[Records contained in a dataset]
+ + + + +

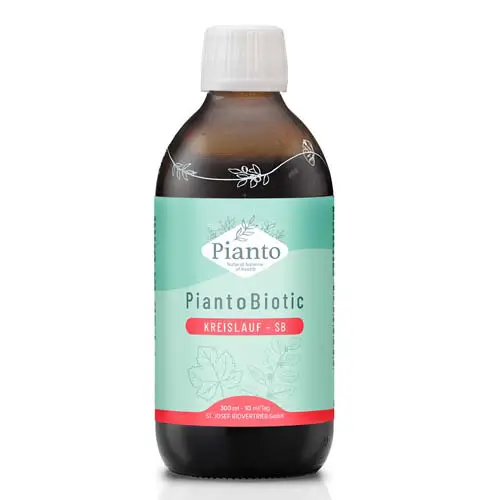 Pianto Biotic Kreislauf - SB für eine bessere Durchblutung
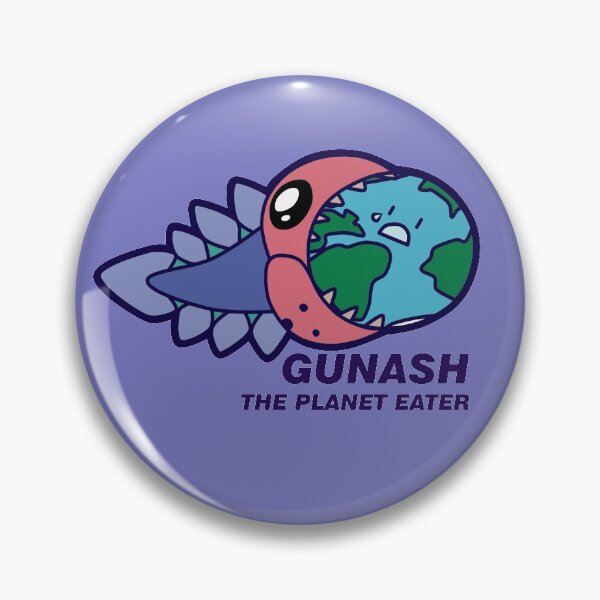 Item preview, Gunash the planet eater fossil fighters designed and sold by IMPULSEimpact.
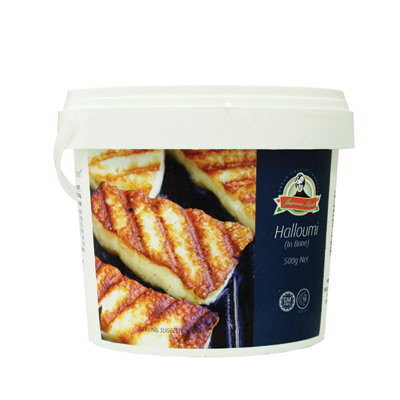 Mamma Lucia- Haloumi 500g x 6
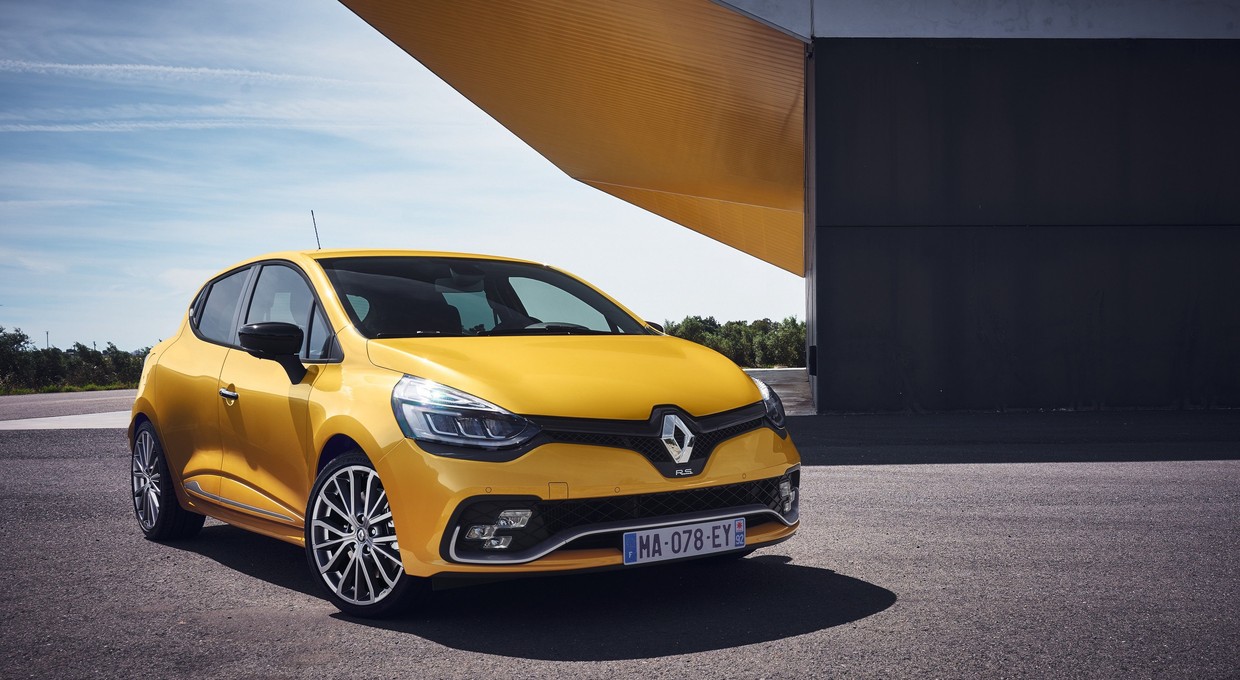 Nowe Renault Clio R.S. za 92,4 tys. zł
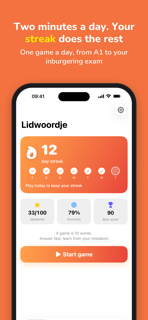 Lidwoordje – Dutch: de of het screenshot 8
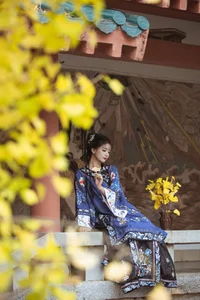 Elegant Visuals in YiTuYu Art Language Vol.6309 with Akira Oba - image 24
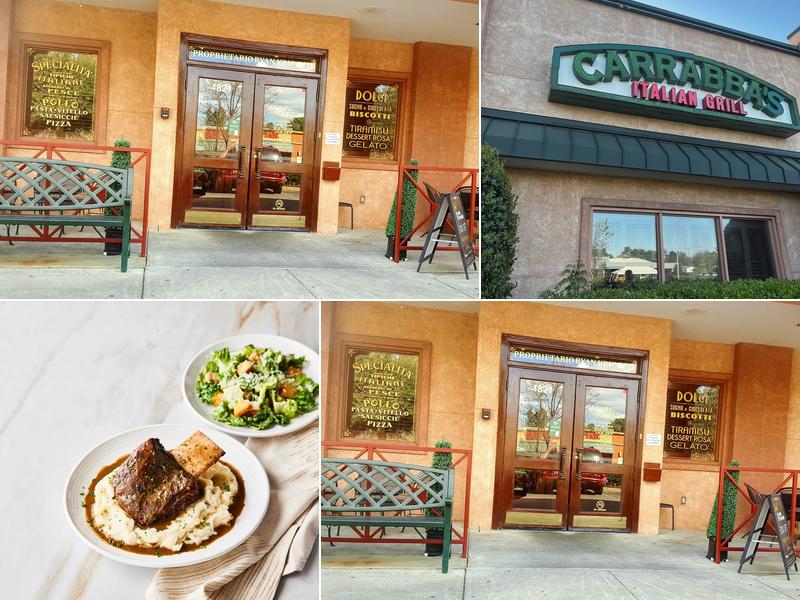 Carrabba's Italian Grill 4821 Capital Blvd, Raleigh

+ + + + +

_Action item_:
Beginning at the line that contains "Nowe Renault Clio R.S. za 92,4 tys. zł", retype each line of the data above through the very last one. Do not retype the pictures.

_Output for this exercise_:
 Nowe Renault Clio R.S. za 92,4 tys. zł
 Lidwoordje – Dutch: de of het screenshot 8
 Elegant Visuals in YiTuYu Art Language Vol.6309 with Akira Oba - image 24
 Carrabba's Italian Grill 4821 Capital Blvd, Raleigh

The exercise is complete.